Transcend can recommend cookie and data flow regexes for common trackers and systems in the Triage view. We recommend checking the recommended regexes first by filtering the Triage view by Type > Regex before creating new ones - you may save time if one has already been created for you!

There are times when data flows are present on your site for scripts and trackers that are not loaded directly by your site, meaning that they aren’t placed intentionally by your organization. This is often the result of browser extensions or malware that are present on an end-users’ device or browser. For example, if an end user accessing your site has a browser extension running, that browser extension may inject a data flow into the site to accomplish its purpose.

consent manager telemetry sometimes picks up these data flows and as such they may be present in the Triage view of the Admin Dashboard. Businesses are only responsible for regulating consent preferences for data flows/cookies they add - not those injected by external software. There is no need for these data flows to be regulated by your consent manager. You can mark these data flows as “junk” in Transcend to remove them from your Triage view.
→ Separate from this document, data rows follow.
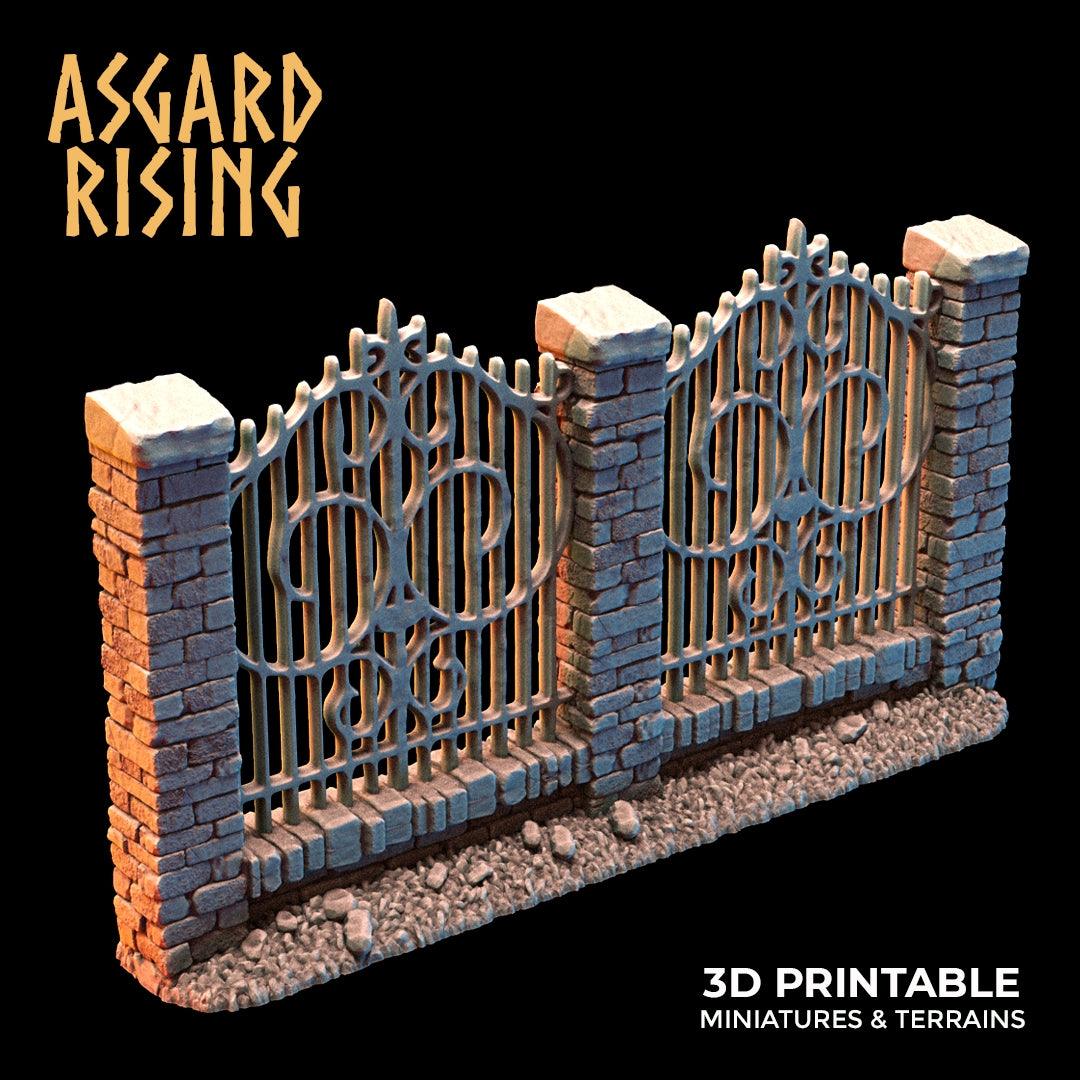 3D Printed Asgard Rising Cemetery Stone Wall Fence Set 28mm-32mm Ragnarok D&D - 3D Printing Boss 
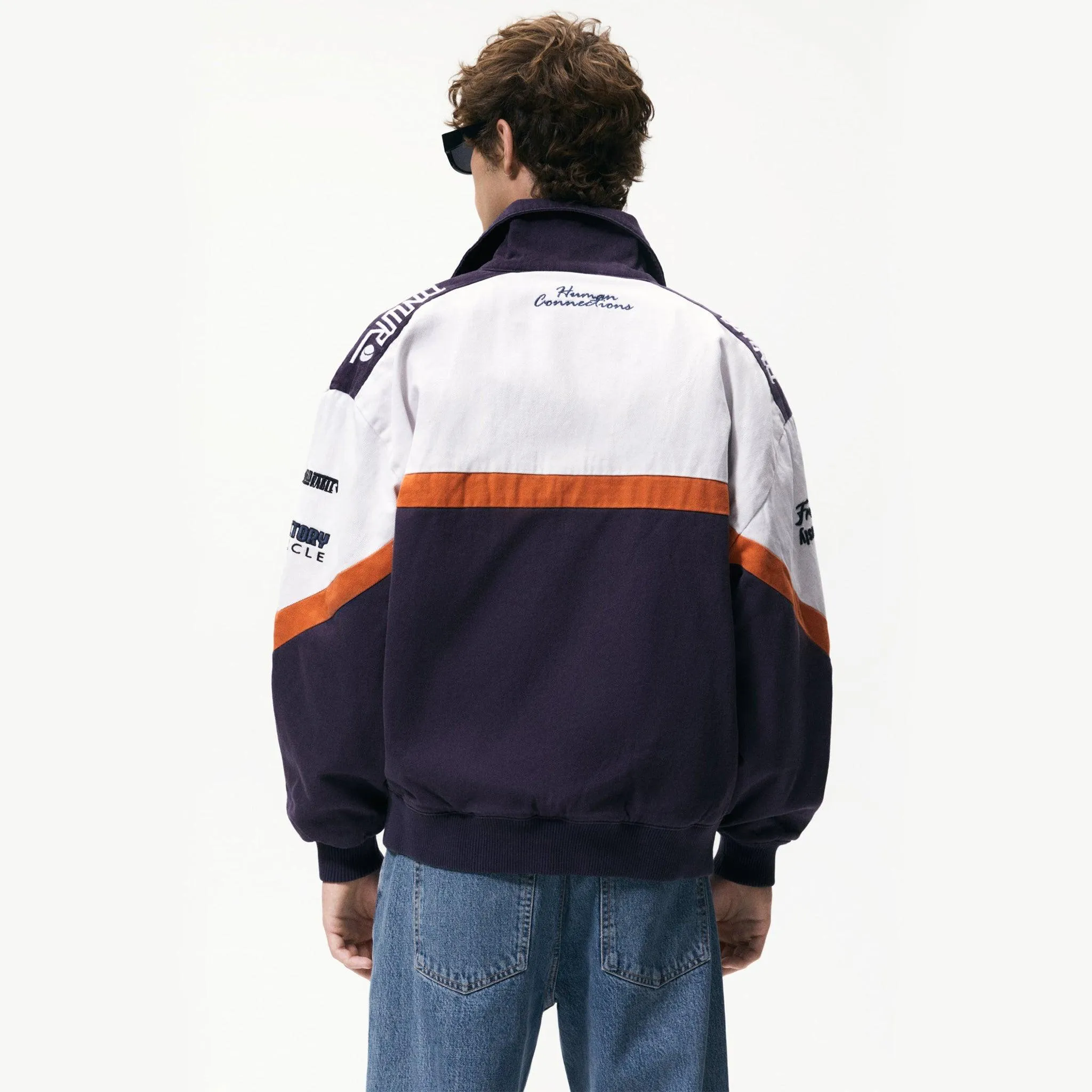 BOMBER BAGGY JACKET WITH PATCHES - MULTICOLOURED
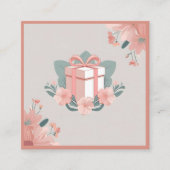 Geschenk mit floraler Verpackung, pinkgrün Quadratische Visitenkarte (Vorderseite)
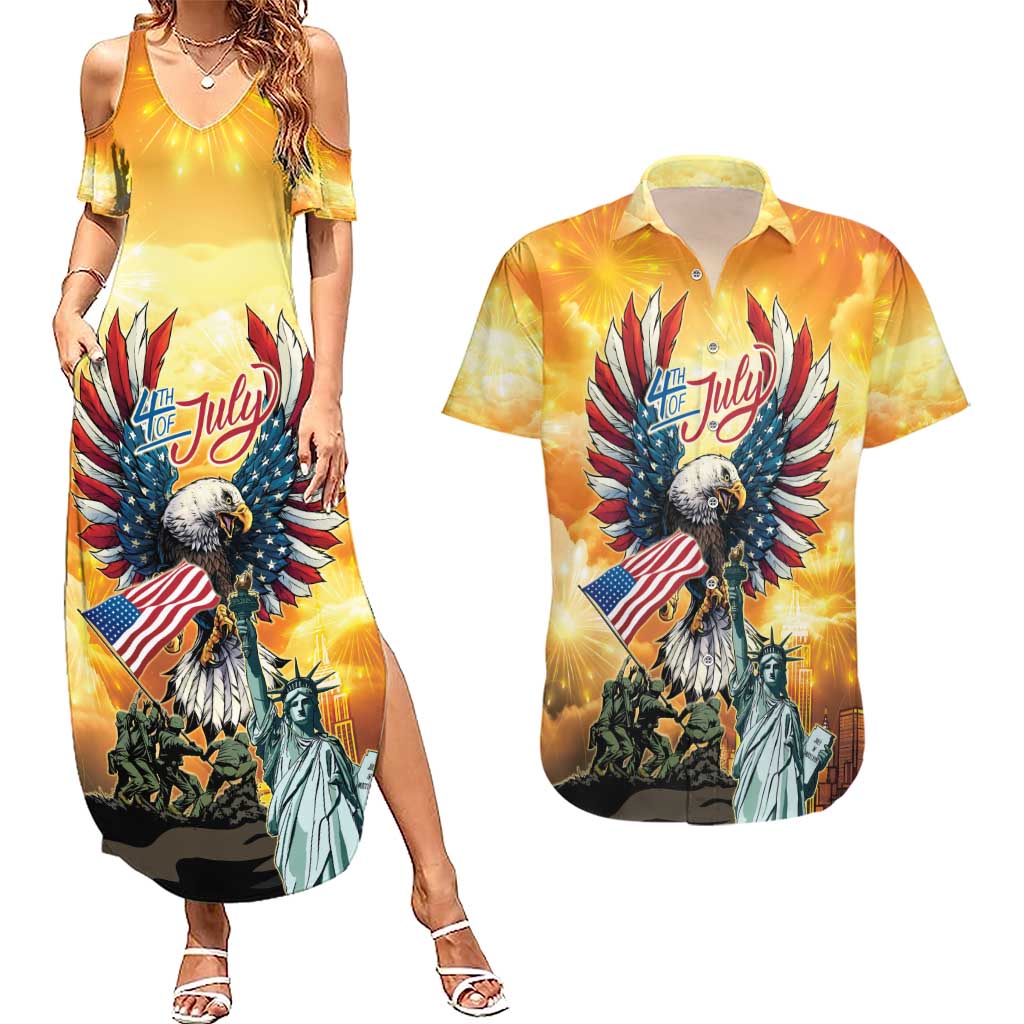 United States Fourth Of July Couples Matching Summer Maxi Dress and Hawaiian Shirt Happy Independence Day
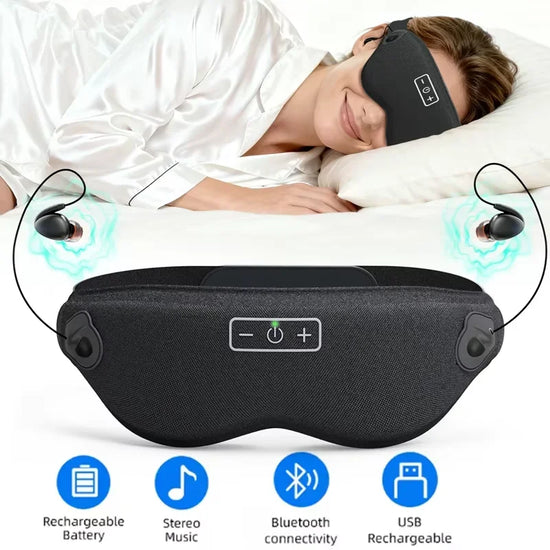Bluetooth 3D Sleep Eye Mask with Sound Insulation and Earplugs for Noise Reduction and Full Shading Soothing the Eyes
Data Flows that are marked as junk will not be added to your airgap.js bundle.

Once your data flows and cookies are classified with a tracking purpose and any desired regexes are added to collapse recurring cookies, you can approve them to be regulated by your consent manager. Once they are approved, they will be added to your Airgap.js bundle to be regulated on your site, and are available under the "Approved" tab.

To approve a data flow or cookie and add it to your airgap.js bundle for regulation, you can use the "Approve" button to individually approve the data flow in line, or use the bulk selection feature to approve many at once.

Researching and approving all your cookies and data flows may take time. It’s helpful to prioritize approving data flows for high impact and common trackers that align with your legal strategy first. Here are a few recommended steps on how to prioritize cookie & data flow approval:

1. Understand which Consent purposes you need to support. Different privacy regimes (CCPA, GDPR, etc.) give consumers different rights to their data. Before approving any data flows, we recommend knowing which consent regions you have users in, and which consent purposes should be supported. This way, if you come across cookies/flows with consent purposes that aren't required for your use case, you don't have to spend time approving it if your Unknown Request Policy is set to allow unknown requests. For more information, check out our Data Rights Laws guide and California Do Not Sell guide

2. Approve commonly known trackers first.

  • Filter by “Regexes” to view Transcend recommended regular expression rules for common scripts like Google Ads, Google Analytics, Segment, etc.
  • Confirm the tracking purposes and approve these to get high impact coverage and reduce the number of flows in Triage.
  • Review and approve remaining recommended classifications, starting with the first page. Data flows in the Triage view are ordered by number of occurrences, so ones with the highest signal will be present first in the list.

3. Approve internal cookies and data flows.

  • Add tracking purposes and label with “Internal Service”.
  • Approve these flows and cookies to be regulated by the consent manager.

4. Create additional regular expression rules for recurring data flows.

  • Quickly scan through the remaining Triage list to identify patterns
  • Create regular expression rules to collapse down repeating entries

5. Research, classify and approve remaining data flows without classifications.

  • Use the “Mark as Junk” feature to denote junk data flows added by browser extensions and remove them from your Triage view.
  • Reach out to Transcend if you have any questions.